-- COLLECTED DATA --

····················

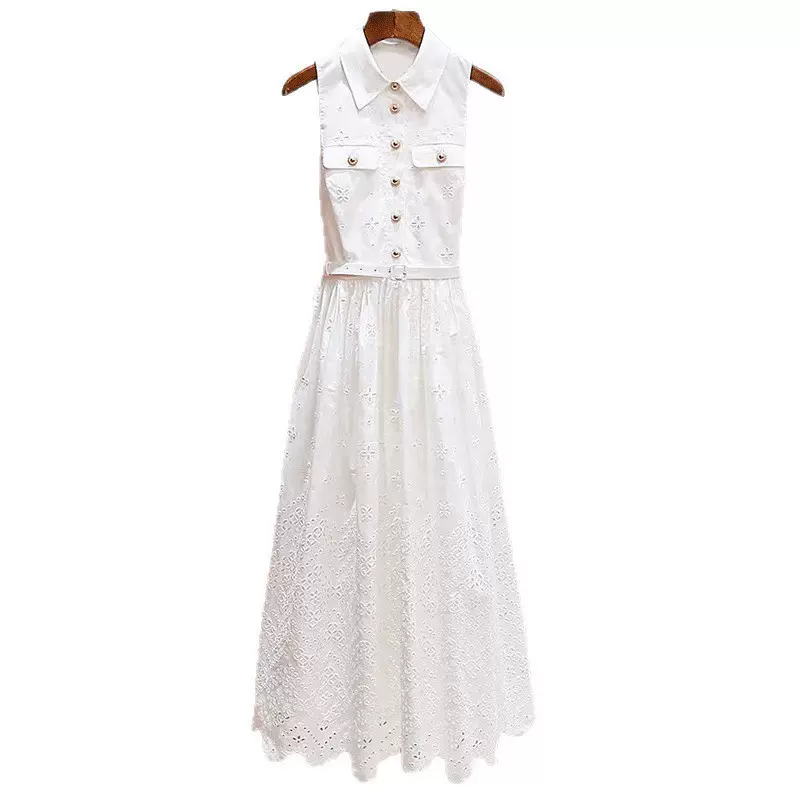 SP家早秋新款高端女装设计感收腰气质显瘦刺绣镂空无袖背心连衣裙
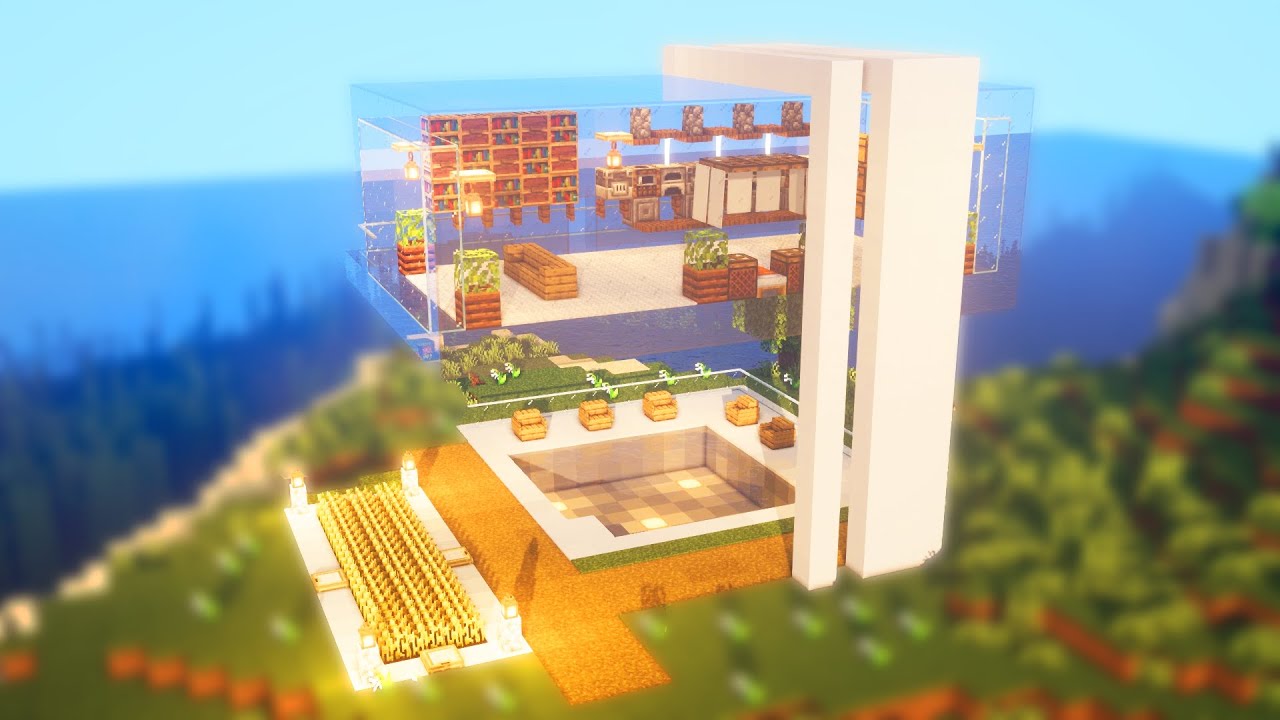 Minecraft : Transparent Modern House | How to build Minecraft - YouTube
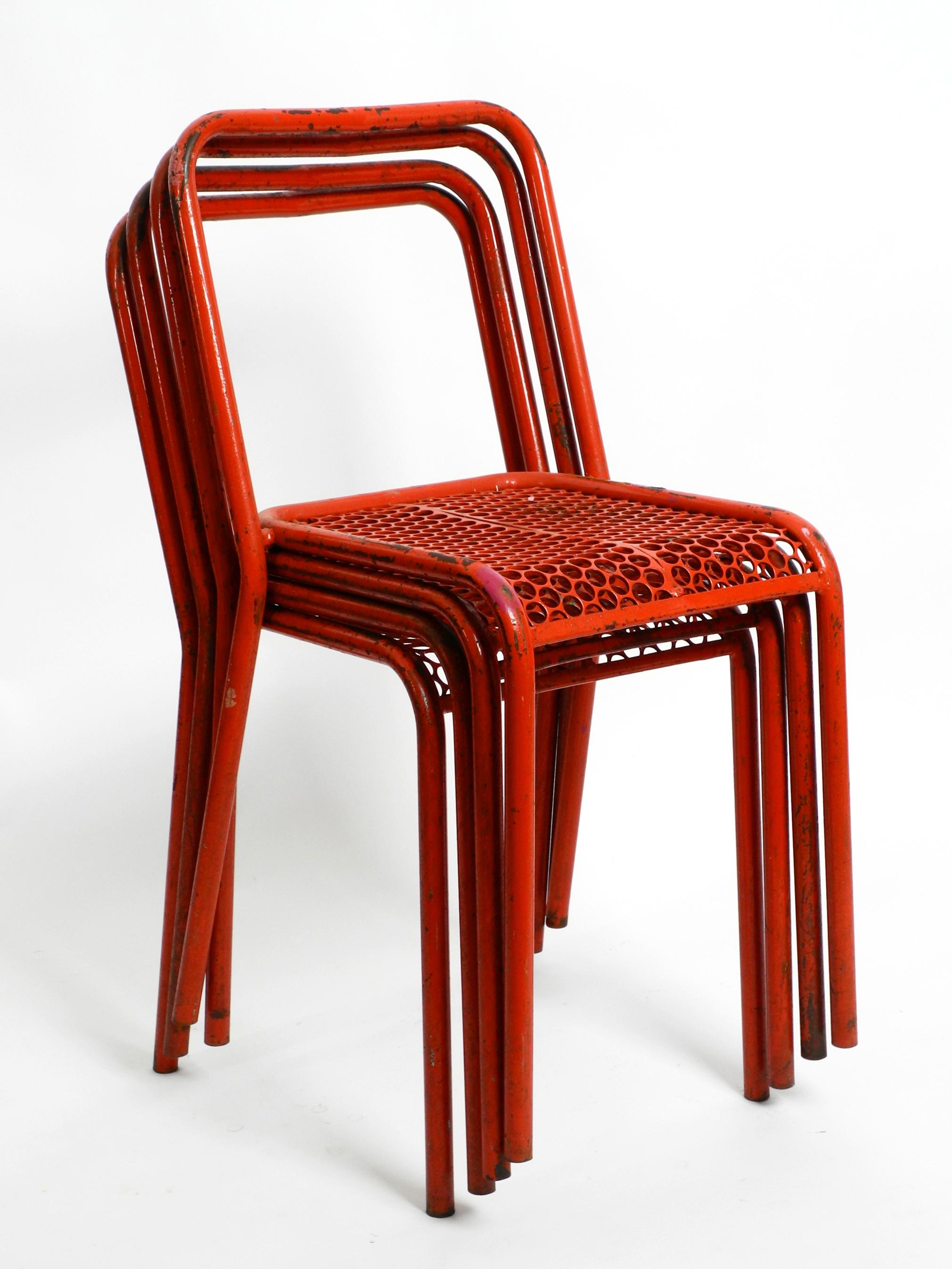Four 1940s Industrial Metal Chairs by Réne Malaval in Their Original Red Color 5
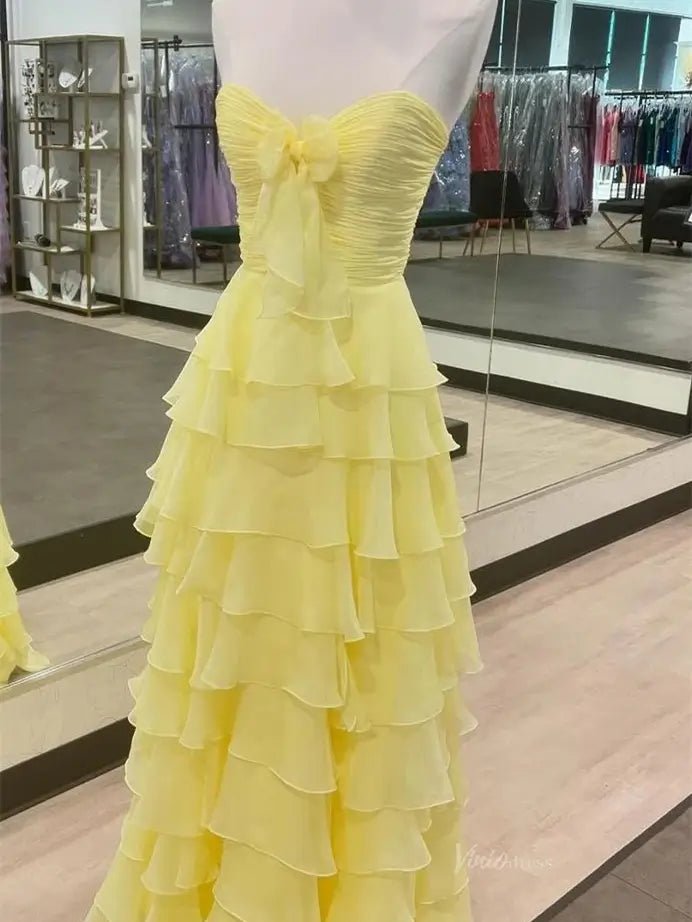 Strapless Tiered Chiffon Prom Dresses with Slit & Sweetheart Neck Pleated Bodice - FD3754 - Viniodressprom dressesYellowCustom Size - Formal Dresses - Ball Gowns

····················

-- ABOUT THIS EXERCISE --
Restate the material above word for word, omitting the pictures.

-- PROBLEM SOLUTION --
 SP家早秋新款高端女装设计感收腰气质显瘦刺绣镂空无袖背心连衣裙
 Minecraft : Transparent Modern House | How to build Minecraft - YouTube
Four 1940s Industrial Metal Chairs by Réne Malaval in Their Original Red Color 5
 Strapless Tiered Chiffon Prom Dresses with Slit & Sweetheart Neck Pleated Bodice - FD3754 - Viniodressprom dressesYellowCustom Size - Formal Dresses - Ball Gowns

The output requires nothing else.